*What you will do*:
Where the records below show the word "Side" in a line, please copy that line.
*** Information supplied
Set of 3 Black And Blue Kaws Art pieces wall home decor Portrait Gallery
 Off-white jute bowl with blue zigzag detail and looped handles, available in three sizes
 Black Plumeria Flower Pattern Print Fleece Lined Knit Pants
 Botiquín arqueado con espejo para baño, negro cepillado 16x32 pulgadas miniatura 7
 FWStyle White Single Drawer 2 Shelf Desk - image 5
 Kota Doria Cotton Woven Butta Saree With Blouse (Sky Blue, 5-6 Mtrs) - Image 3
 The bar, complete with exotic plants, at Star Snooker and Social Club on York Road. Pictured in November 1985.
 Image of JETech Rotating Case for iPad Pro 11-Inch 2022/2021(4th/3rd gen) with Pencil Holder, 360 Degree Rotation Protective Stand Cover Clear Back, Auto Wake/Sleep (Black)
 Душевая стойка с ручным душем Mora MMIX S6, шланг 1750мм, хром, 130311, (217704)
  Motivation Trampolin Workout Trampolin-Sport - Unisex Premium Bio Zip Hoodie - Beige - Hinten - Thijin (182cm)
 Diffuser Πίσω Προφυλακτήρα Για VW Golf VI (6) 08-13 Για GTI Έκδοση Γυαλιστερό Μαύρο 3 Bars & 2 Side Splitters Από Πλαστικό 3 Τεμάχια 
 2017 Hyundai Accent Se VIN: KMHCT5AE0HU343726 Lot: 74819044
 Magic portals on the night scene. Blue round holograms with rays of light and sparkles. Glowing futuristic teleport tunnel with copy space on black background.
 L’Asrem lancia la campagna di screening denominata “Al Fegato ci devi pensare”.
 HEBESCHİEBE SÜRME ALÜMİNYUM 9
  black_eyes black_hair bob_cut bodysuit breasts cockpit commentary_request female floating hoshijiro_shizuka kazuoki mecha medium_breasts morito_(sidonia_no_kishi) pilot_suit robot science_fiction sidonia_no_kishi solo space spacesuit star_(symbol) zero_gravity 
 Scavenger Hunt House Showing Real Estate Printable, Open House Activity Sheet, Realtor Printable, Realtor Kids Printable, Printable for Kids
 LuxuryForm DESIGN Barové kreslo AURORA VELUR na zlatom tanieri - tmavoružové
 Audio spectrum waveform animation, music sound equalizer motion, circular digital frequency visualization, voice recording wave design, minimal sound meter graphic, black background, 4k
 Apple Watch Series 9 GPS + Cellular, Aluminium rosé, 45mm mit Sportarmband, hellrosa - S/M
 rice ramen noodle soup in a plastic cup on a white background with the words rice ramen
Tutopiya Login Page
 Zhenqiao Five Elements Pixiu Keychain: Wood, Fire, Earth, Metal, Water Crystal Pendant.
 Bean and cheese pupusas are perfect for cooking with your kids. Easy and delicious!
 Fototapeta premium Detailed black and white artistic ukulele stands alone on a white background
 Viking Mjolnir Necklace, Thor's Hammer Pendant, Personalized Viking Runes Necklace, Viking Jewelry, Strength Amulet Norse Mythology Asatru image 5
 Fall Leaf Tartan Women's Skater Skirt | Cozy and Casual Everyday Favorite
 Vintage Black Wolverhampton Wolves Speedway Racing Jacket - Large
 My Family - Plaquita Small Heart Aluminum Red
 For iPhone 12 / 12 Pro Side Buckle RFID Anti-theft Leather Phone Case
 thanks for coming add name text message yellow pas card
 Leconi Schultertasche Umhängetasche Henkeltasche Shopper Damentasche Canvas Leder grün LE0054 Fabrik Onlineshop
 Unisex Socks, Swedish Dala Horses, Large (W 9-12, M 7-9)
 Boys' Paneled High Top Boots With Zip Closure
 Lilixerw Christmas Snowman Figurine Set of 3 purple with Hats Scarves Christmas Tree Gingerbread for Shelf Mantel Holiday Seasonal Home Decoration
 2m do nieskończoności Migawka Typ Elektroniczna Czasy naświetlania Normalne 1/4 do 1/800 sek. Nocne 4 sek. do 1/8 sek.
******
*Result of the exercise*:
 Diffuser Πίσω Προφυλακτήρα Για VW Golf VI (6) 08-13 Για GTI Έκδοση Γυαλιστερό Μαύρο 3 Bars & 2 Side Splitters Από Πλαστικό 3 Τεμάχια 
 For iPhone 12 / 12 Pro Side Buckle RFID Anti-theft Leather Phone Case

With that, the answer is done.